Case Study 2: Mechanistic Analysis of a Transformer

Context

Mechanistic interpretability aims to reverse-engineer the algorithms learned by neural networks. In this case study, we analyze a small Transformer trained on a synthetic task where we know the ground-truth algorithm, allowing us to verify whether our interpretability tools recover the correct explanation.

The task is sequence completion with a known rule: given a sequence of tokens, the model must predict the next token based on a simple algorithmic rule. By choosing a task with a known solution, we can objectively assess whether our interpretability methods correctly identify the model's internal mechanism.
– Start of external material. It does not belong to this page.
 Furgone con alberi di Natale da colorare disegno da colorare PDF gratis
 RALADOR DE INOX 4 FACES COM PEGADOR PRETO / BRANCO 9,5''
The Task: Modular Addition

We train a 2-layer Transformer to perform modular addition: given two numbers $a$ and $b$ (each encoded as tokens), predict $(a + b) \mod p$ where $p = 97$ (a prime). This task was studied by Neel Nanda et al. (2023) and reveals rich internal structure.

Input format: [a] [b] [=] and the model predicts the answer token.

Implementation

import torch
import torch.nn as nn
import torch.nn.functional as F
import math

torch.manual_seed(42)


class SmallTransformer(nn.Module):
    """Minimal Transformer for modular addition.
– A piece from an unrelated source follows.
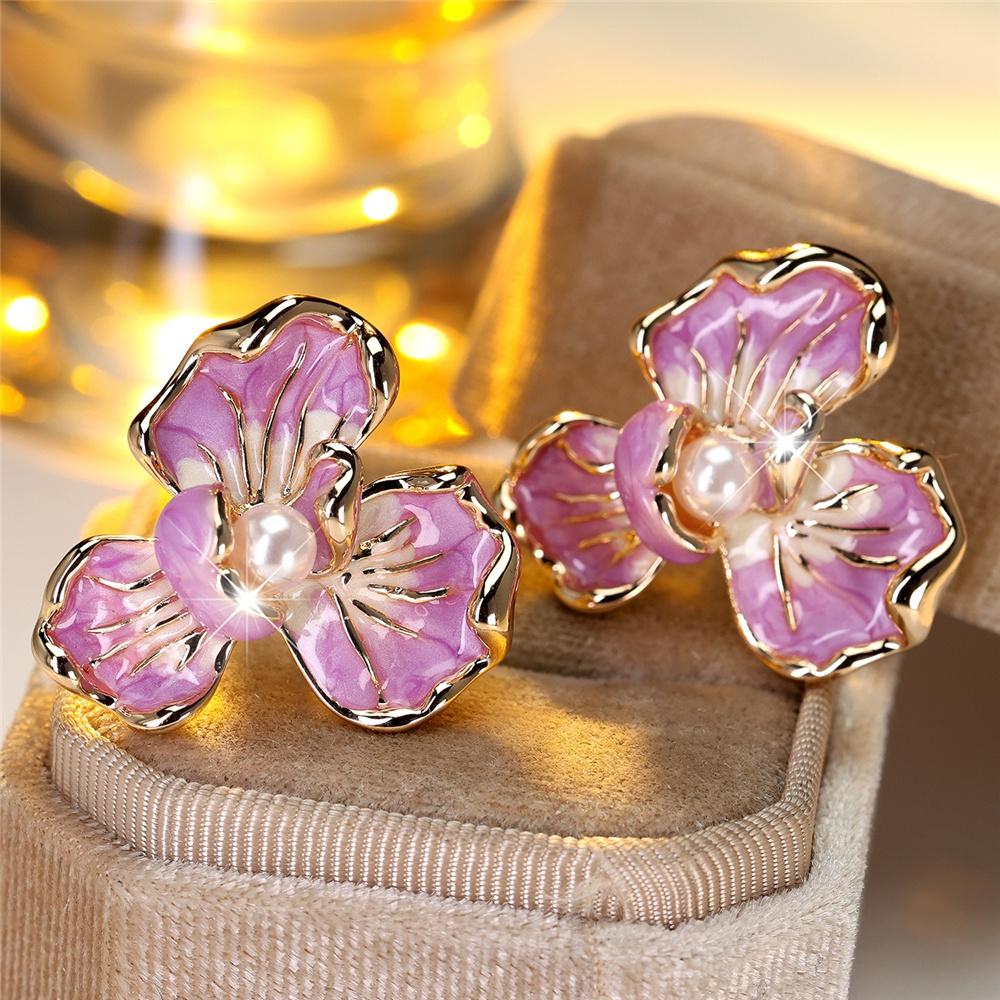 Cute Female White Pearl Purple Enamel Gold Color Flower Stud Earrings Lovely Bridal Wedding For Women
    Architecture: embedding -> 2 attention layers with MLPs -> output.
    """

    def __init__(
        self,
        vocab_size: int = 100,
        d_model: int = 128,
        num_heads: int = 4,
        d_ff: int = 256,
        num_layers: int = 2,
        max_seq_len: int = 4,
    ) -> None:
        super().__init__()
        self.d_model = d_model
        self.token_embedding = nn.Embedding(vocab_size, d_model)
        self.pos_embedding = nn.Embedding(max_seq_len, d_model)

        self.layers = nn.ModuleList()
        for _ in range(num_layers):
            self.layers.append(TransformerBlock(d_model, num_heads, d_ff))

        self.ln_final = nn.LayerNorm(d_model)
        self.output_proj = nn.Linear(d_model, vocab_size, bias=False)

    def forward(
        self, x: torch.Tensor, return_intermediates: bool = False
    ) -> torch.Tensor | tuple[torch.Tensor, dict]:
        """Forward pass with optional intermediate storage.

        Args:
            x: Token indices [batch_size, seq_len].
            return_intermediates: If True, also return attention patterns
                and residual stream states.

        Returns:
            Logits, or (logits, intermediates dict).
        """
        seq_len = x.size(1)
        positions = torch.arange(seq_len, device=x.device)
        h = self.token_embedding(x) + self.pos_embedding(positions)

        intermediates: dict[str, list] = {
            "residual_stream": [h.detach()],
            "attention_patterns": [],
            "mlp_outputs": [],
        }

        for layer in self.layers:
            h, attn_weights, mlp_out = layer(h, return_extras=True)
            if return_intermediates:
                intermediates["residual_stream"].append(h.detach())
                intermediates["attention_patterns"].append(attn_weights.detach())
                intermediates["mlp_outputs"].append(mlp_out.detach())

        h = self.ln_final(h)
        logits = self.output_proj(h)

        if return_intermediates:
            return logits, intermediates
        return logits


class TransformerBlock(nn.Module):
    """Single Transformer block with attention and MLP."""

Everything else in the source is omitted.